**WHAT IS NEEDED**
Every record should be restated exactly, with no images included.

==== LISTED ENTRIES ====

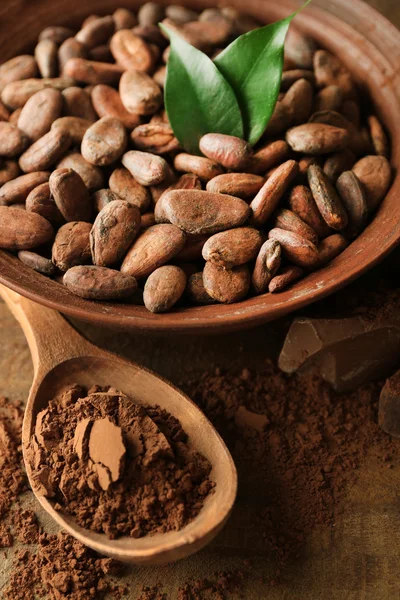 Cosecha aromática de cacao sobre fondo de madera, primer plano — Foto de Stock
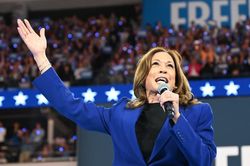 Bà Kamala Harris 'tái xuất', để ngỏ khả năng tái tranh cử Tổng thống Mỹ 2028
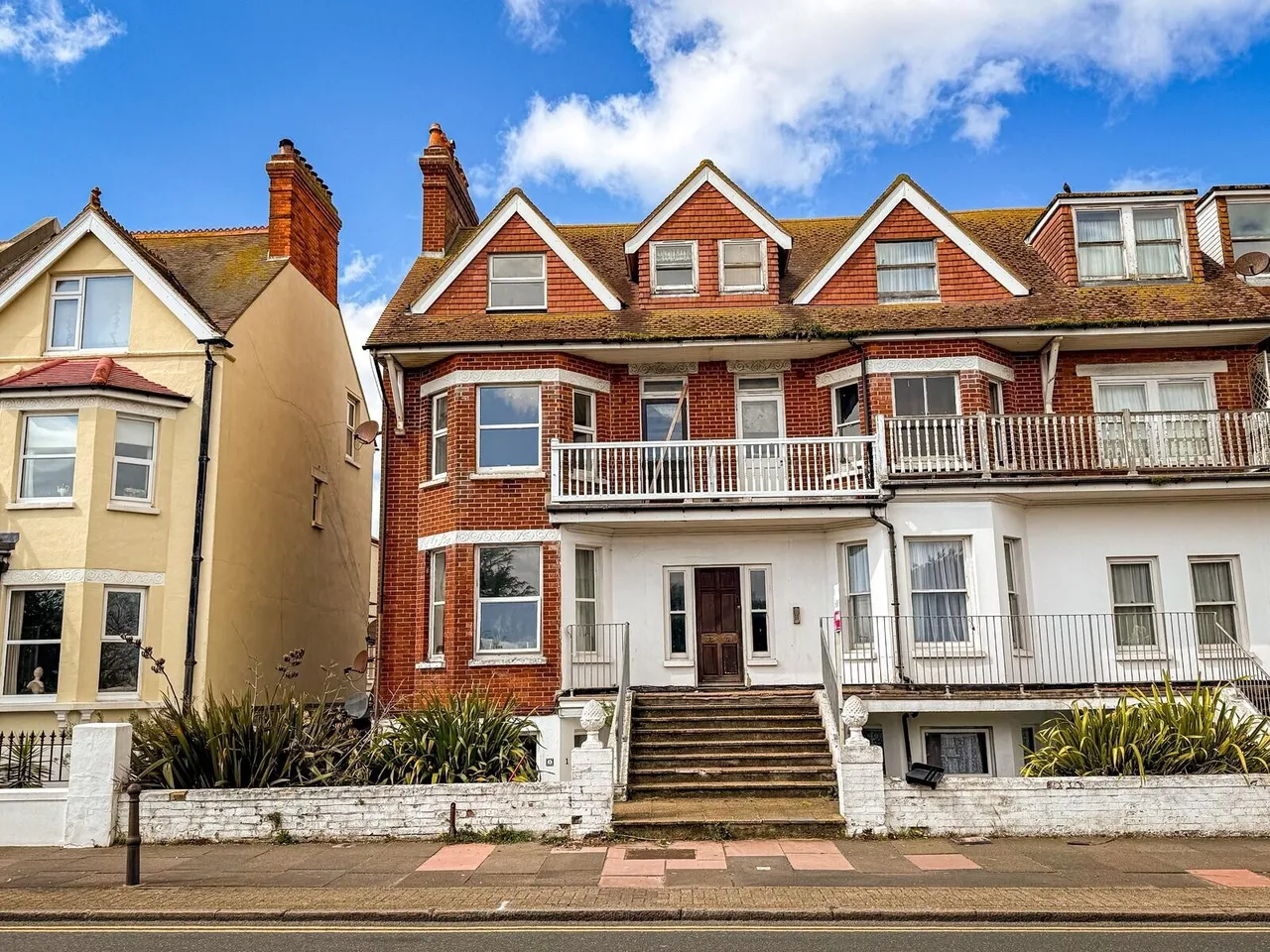 2 bed flat for sale — Royal Parade, Eastbourne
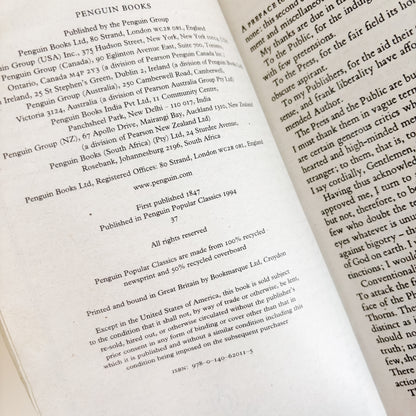 Charlotte Bronte - Jane Eyre (Penguin Popular Classics, 1994)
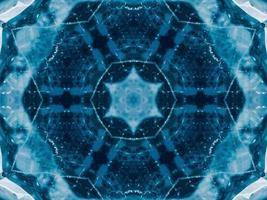 Reflexion des tiefblauen Meeres im Kaleidoskopmuster. dunkelblauer abstrakter hintergrund. kostenloses Foto. foto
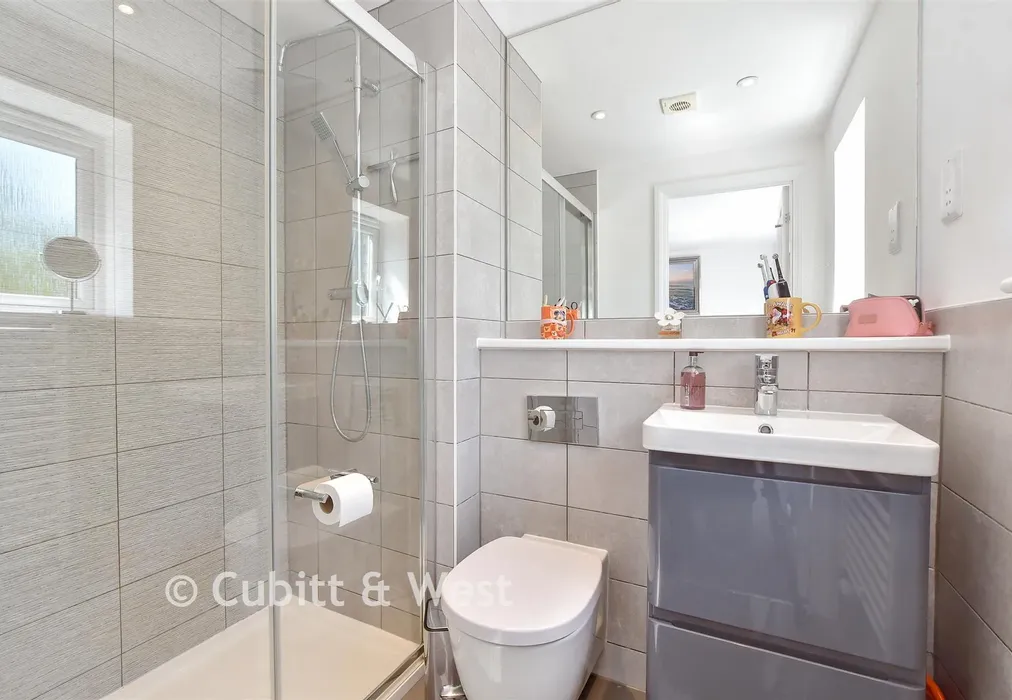 En-Suite Shower Room - Toddington Lane, Littlehampton, West Sussex - Wards of Kent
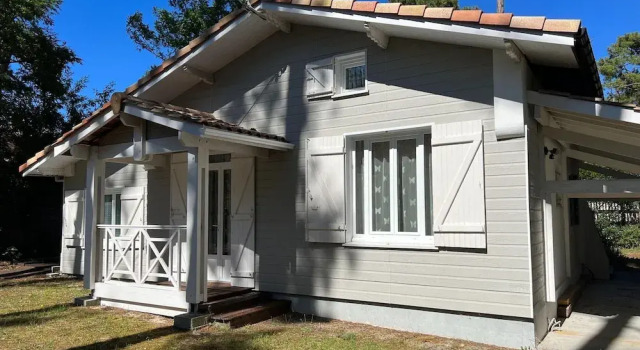 Beautiful Villa Near the Beach, Prenota Villa Hotel a Aquitania con parcheggio, Parcheggio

====

**RESULT**
 Cosecha aromática de cacao sobre fondo de madera, primer plano — Foto de Stock
 Bà Kamala Harris 'tái xuất', để ngỏ khả năng tái tranh cử Tổng thống Mỹ 2028
 2 bed flat for sale — Royal Parade, Eastbourne
 Charlotte Bronte - Jane Eyre (Penguin Popular Classics, 1994)
 Reflexion des tiefblauen Meeres im Kaleidoskopmuster. dunkelblauer abstrakter hintergrund. kostenloses Foto. foto
 En-Suite Shower Room - Toddington Lane, Littlehampton, West Sussex - Wards of Kent
 Beautiful Villa Near the Beach, Prenota Villa Hotel a Aquitania con parcheggio, Parcheggio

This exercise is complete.